Getting Ready for Tax Season – Putting your Money in a TFSA vs. RRSP 

As tax season approaches, it is important to talk about important money matters. Something you might be wondering is whether you should put your extra money in a tax free savings account (TFSA) or a registered retirement savings plan (RRSP). AAJ Magazine has some helpful tips and advice to assist you in your upcoming decisions. 

 

A TFSA is a savings account where you can put your money and let it grow in eligible investments. Any money you “make” off these savings (interest, dividends, capital gains) is tax-free for life. You can withdraw your money at any time, for any reason, and the withdrawals are tax-free. TFSAs do not affect your annual tax filing whatsoever.

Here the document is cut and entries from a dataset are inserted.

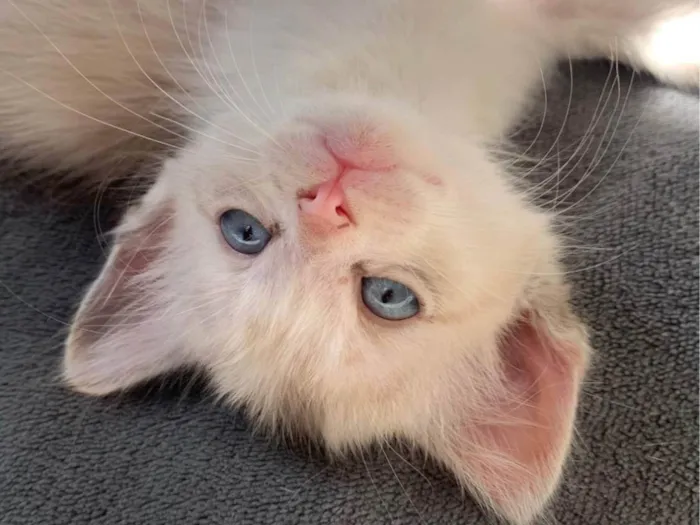 Gato ra a SRD-ViraLata idade 2 a 6 meses nome Pinky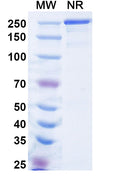 SDS-PAGE for Anti-α-Gal Epitope (Galα1-3Galβ1-4GlcNAc-R) Antibody (M86).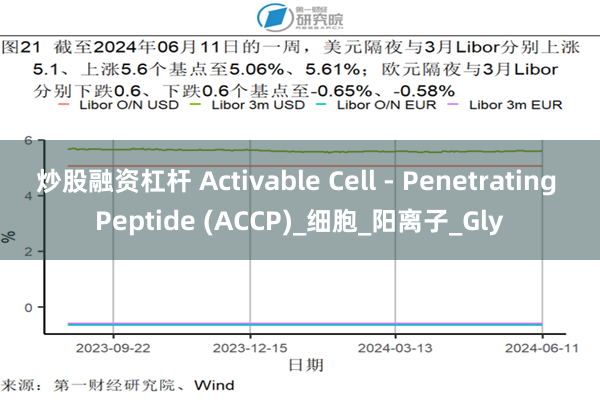 炒股融资杠杆 Activable Cell - Penetrating Peptide (ACCP)_细胞_阳离子_Gly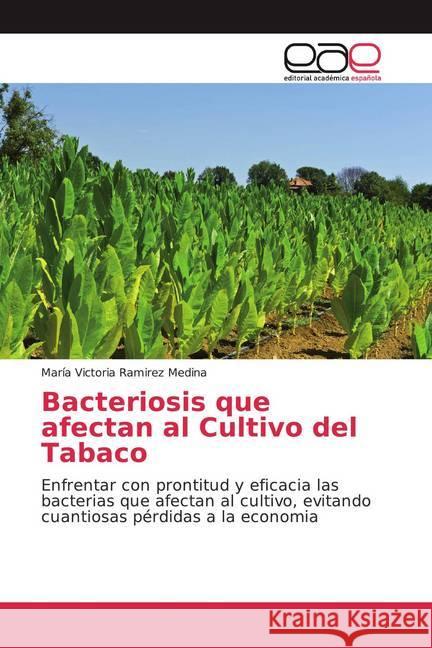 Bacteriosis que afectan al Cultivo del Tabaco : Enfrentar con prontitud y eficacia las bacterias que afectan al cultivo, evitando cuantiosas pérdidas a la economia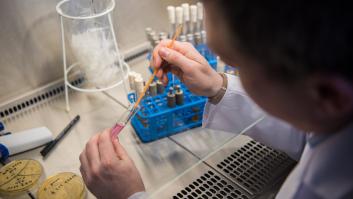 La OMS alerta seriamente de 'Candida auris': un virus que suele matar en 90 días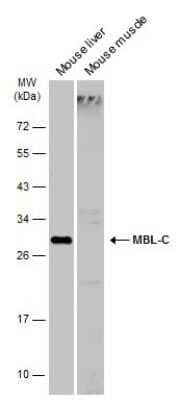 Western Blot: MBL-2 Antibody [NBP3-13134]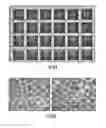 Fig. 05 - Ready-to-print cells and integrated devices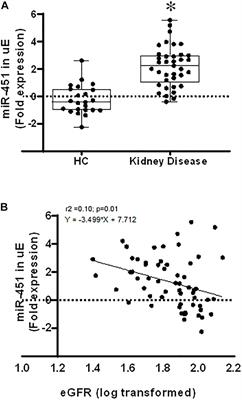 miR-451 Loaded Exosomes Are Released by the Renal Cells in Response to Injury and Associated With Reduced Kidney Function in Human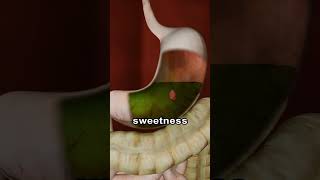 What if you swallow a chewing gum 😮😮facts ytshortsindia shorts viralvideo chewinggum [upl. by Ayital]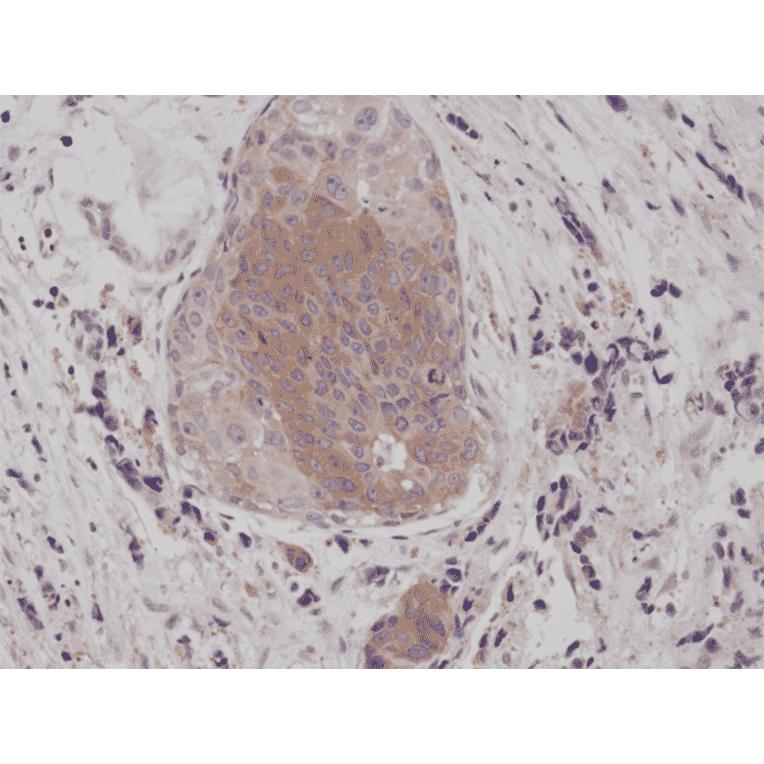 Immunohistochemistry - Anti-EIF 2 alpha (phospho Ser51) Antibody [RM298] (A121479) - Antibodies.com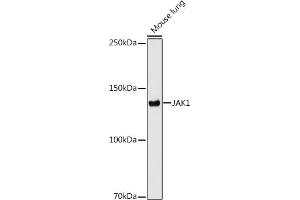Western blot analysis of extracts of Mouse lung cells, using J antibody (ABIN7268036) at 1:1000 dilution. (JAK1 antibody)
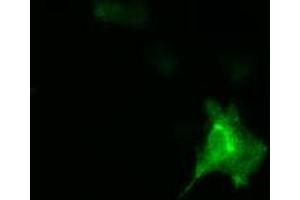 Image no. 13 for anti-DnaJ (Hsp40) Homolog, Subfamily A, Member 2 (DNAJA2) antibody (ABIN1497861) (DNAJA2 antibody)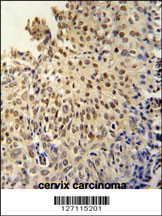 DI3L1 Antibody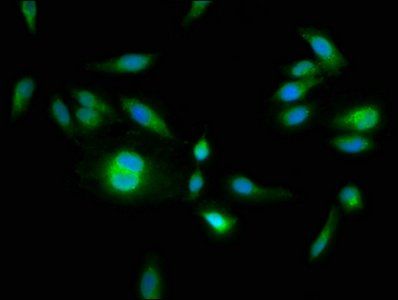 HPS6 Antibody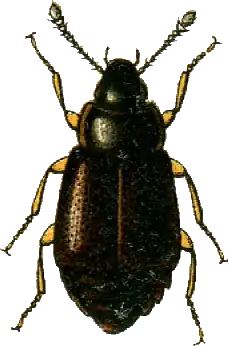 Proteinus brachypterus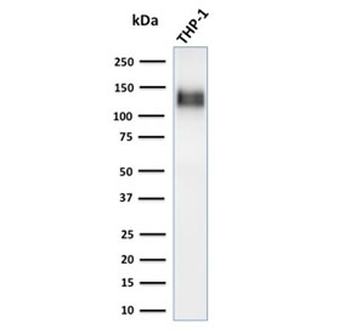 CD31 Antibody / PECAM-1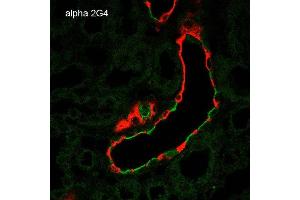 Immunohistochemistry analysis using Mouse Anti-ENaC alpha Monoclonal Antibody, Clone 2G4 . (SCNN1A antibody  (AA 46-68))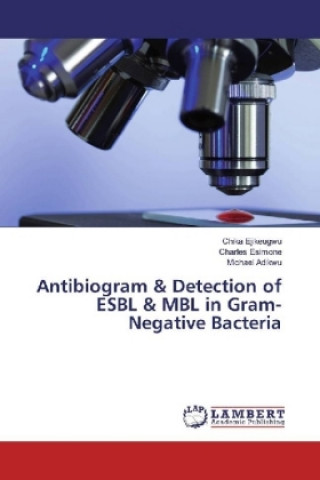 Könyv Antibiogram & Detection of ESBL & MBL in Gram-Negative Bacteria Chika Ejikeugwu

They are a good place to put your money if you want it to grow, and if you want to be able to access it whenever, hassle-free. 

 

RRSPs on the other hand, are highly valuable during tax time. Putting your money into RRSPs is a good way to receive a better refund (or lower owing balance) during tax time. However, there are important deadlines. For instance, for the 2017 year (which you will file taxes for in 2018), you need to put money into RRSPs between January 1, 2017 and December 31, 2017; or the extended deadline between January 1, 2018 and February 28, 2018. Any money you put aside during these periods will be claimed for your 2017 tax year as non-taxable income.  

 

It is important to note that RRSPs are less accessible than TFSAs. If you withdraw money from your RRSPs, you will be charged a withholding tax at the time of the withdrawal, which ranges between 10% to 30%, depending on how much money is withdrawn. You will also be dinged at tax time, as the money withdrawn is considered “taxable income.” These tax-time costs depend on your income and overall tax situation. Furthermore, sometimes there are limits as to the “reasons” for which you can withdraw the money. For example, if your RRSPs are managed by your employer, you may only be able to withdraw them for the purchase of a home, or for tuition fees. In addition to this, money must usually sit in an RRSP account for 90 days, before it can be accessed for a purchase. 

 

When deciding between a TFSA or RRSP, assess your overall household situation, and see what works best for you. You can also talk to a financial advisor or tax planner for advice.